My name is Mikhail Samin (diminutive Misha, @Mihonarium on Twitter, @misha in Telegram).
Humanity's future can be huge and awesome; losing it would mean our lightcone (and maybe the universe) losing most of its potential value.
My research is currently focused on AI governance and improving the understanding of AI and AI risks among stakeholders. I also have takes on what seems to me to be the very obvious shallow stuff about the technical AI notkilleveryoneism; but many AI Safety researchers told me our conversations improved their understanding of the alignment problem.
I believe a capacity for global regulation is necessary to mitigate the risks posed by future general AI systems. I'm happy to talk to policymakers and researchers about ensuring AI benefits society.
I took the Giving What We Can pledge to donate at least 10% of my income for the rest of my life or until the day I retire (why?).
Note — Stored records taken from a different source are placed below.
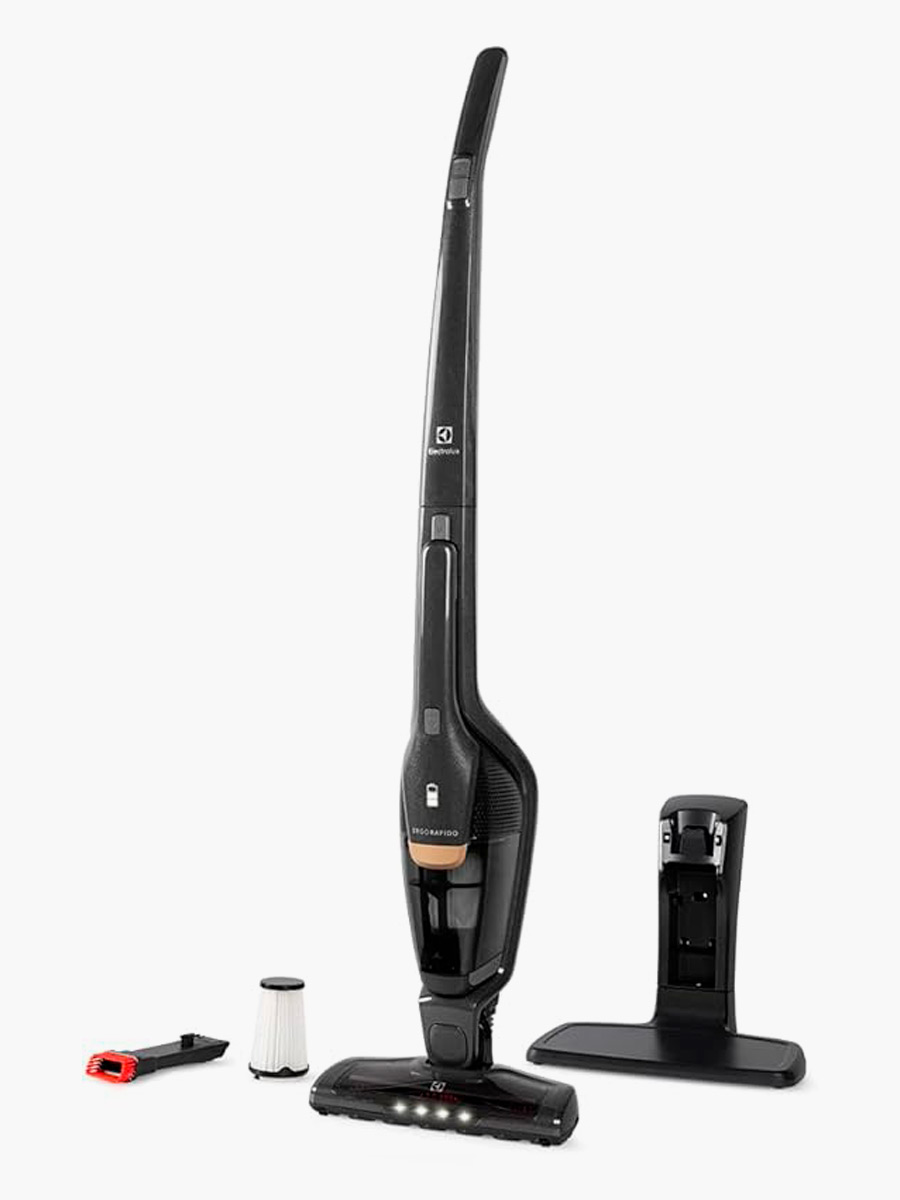Aspiradora Electrolux Recargable ERG24N | Negro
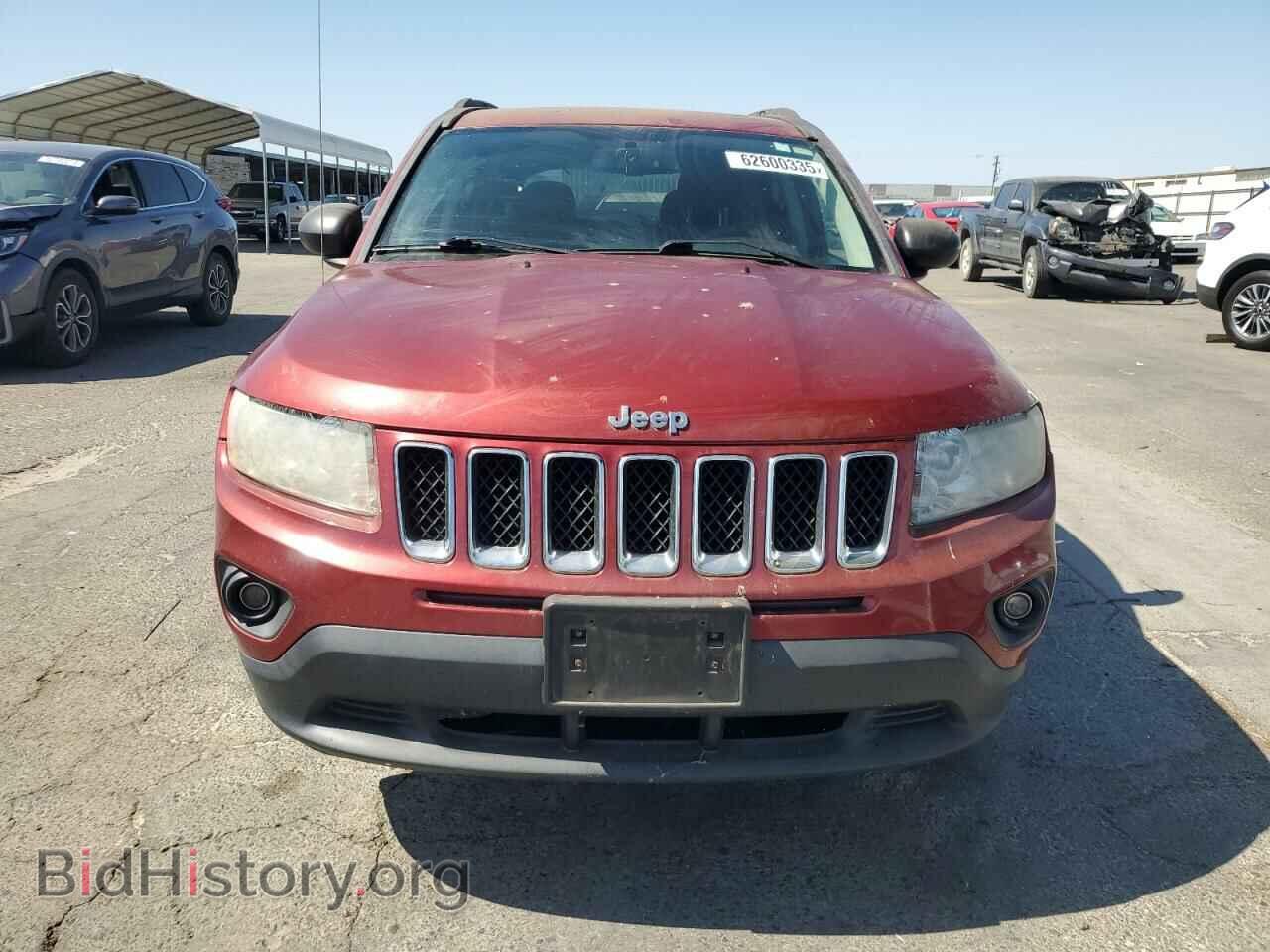 2013 JEEP COMPASS - VIN: 1C4NJCEA9DD246792 - Photo 5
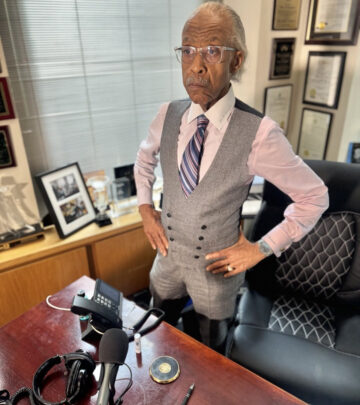 Al Sharpton Hosts Keepin’ It Real Broadcast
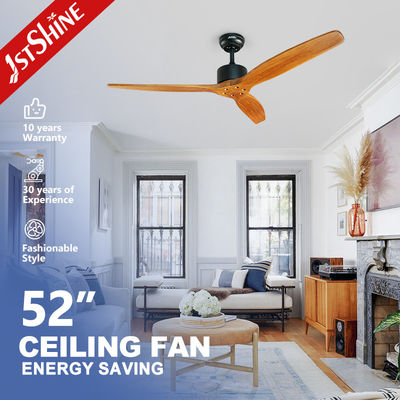 comprar 110-240V/50Hz-60Hz 1stshine 3 Blade Ceiling Fan com controle remoto e luz LED Fabricação em linha
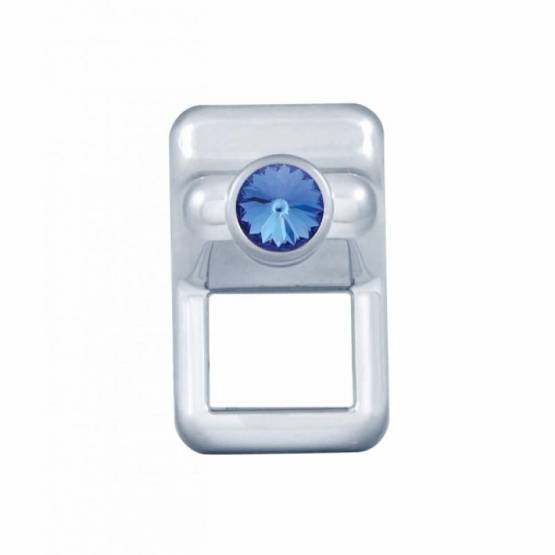 UNITED PACIFIC - UNITED PACIFIC - 41653 - TAPA DE ENCHUFE DEL INTERRUPTOR PARA VOLVO - CRISTAL AZUL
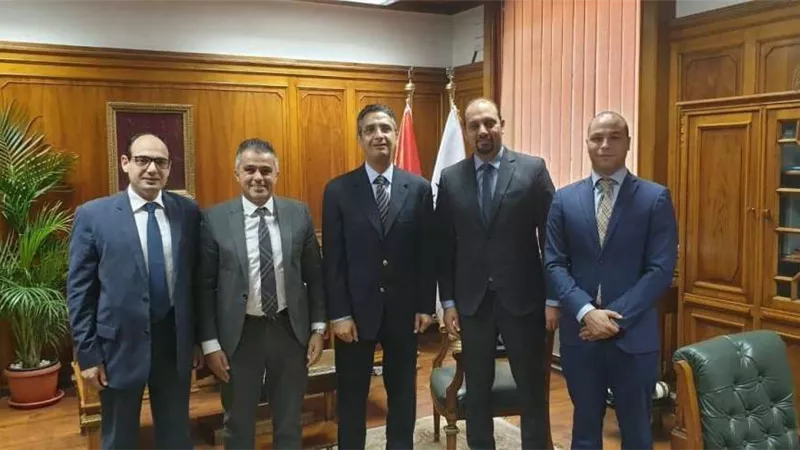 بنك ناصر الاجتماعي يبحث سبل التعاون مع مؤسسة شباب القادة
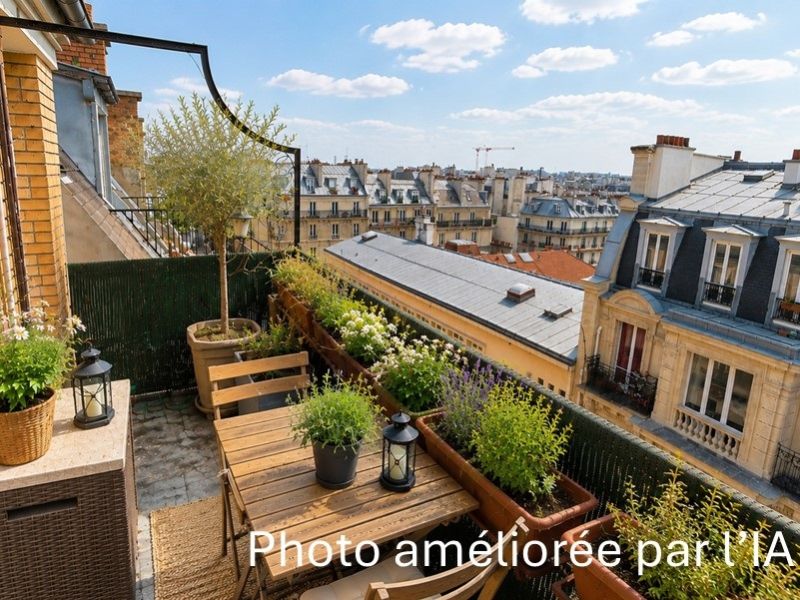 Viager occupé PARIS - 75009 bouquet 152€ - ref 2933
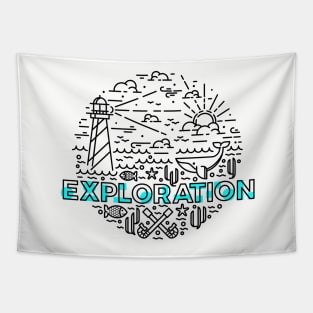 Exploration Overseas Tapestry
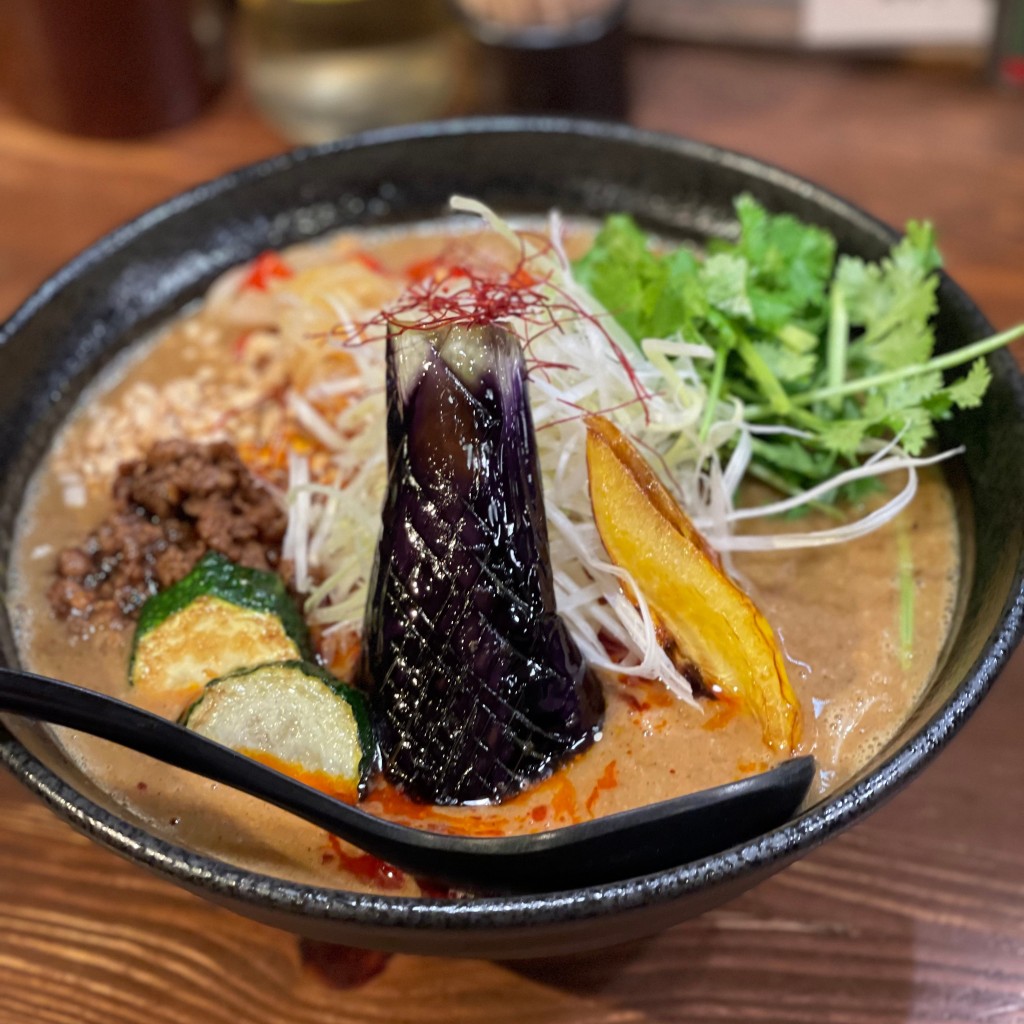 DaiKawaiさんが投稿した赤坂四川料理のお店四川担々麺 赤い鯨/シセンタンタンメン アカイクジラの写真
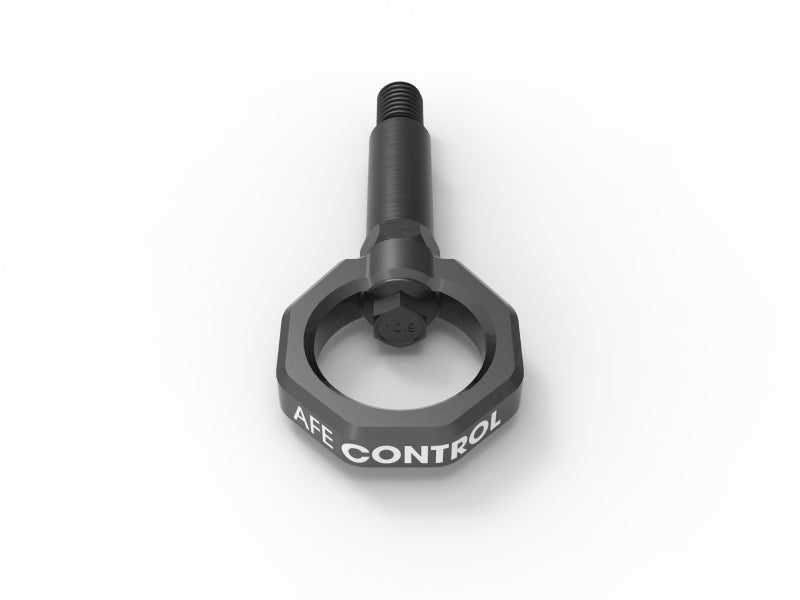 aFe Control Front Tow Hook Grey BMW F-Chassis 2/3/4/M - 450-502001-G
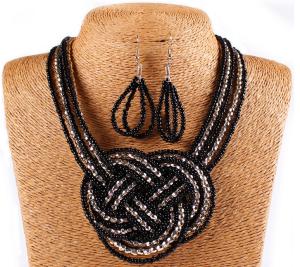 Quality Xi Miya-eight simple handmade beads necklace temperament / Necklaces wholesale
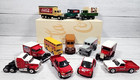 Coca-Cola Diecast Cars, Trucks & "It’s The Real Thing" Bus Vehicles Lot of 12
In the past, I've launched the most funded crowdfunding campaign in the history of Russia (it was to print HPMOR! we printed 21 000 copies =63k books) and founded audd.io, which allowed me to donate >$100k to EA causes, including >$60k to MIRI.
[Less important: I've also started a project to translate 80,000 Hours, a career guide that helps to find a fulfilling career that does good, into Russian. The impact and the effectiveness aside, for a year, I was the head of the Russian Pastafarian Church: a movement claiming to be a parody religion, with 200 000 members in Russia at the time, trying to increase separation between religious organisations and the state. I was a political activist and a human rights advocate. I studied relevant Russian and international law and wrote appeals that won cases against the Russian government in courts; I was able to protect people from unlawful police action. I co-founded the Moscow branch of the "Vesna" democratic movement, coordinated election observers in a Moscow district, wrote dissenting opinions for members of electoral commissions, helped Navalny's Anti-Corruption Foundation, helped Telegram with internet censorship circumvention, and participated in and organized protests and campaigns. The large-scale goal was to build a civil society and turn Russia into a democracy through nonviolent resistance. This goal wasn't achieved, but some of the more local campaigns were successful. That felt important and was also mostly fun- except for being detained by the police. I think it's likely the Russian authorities will imprison me if I ever visit Russia.]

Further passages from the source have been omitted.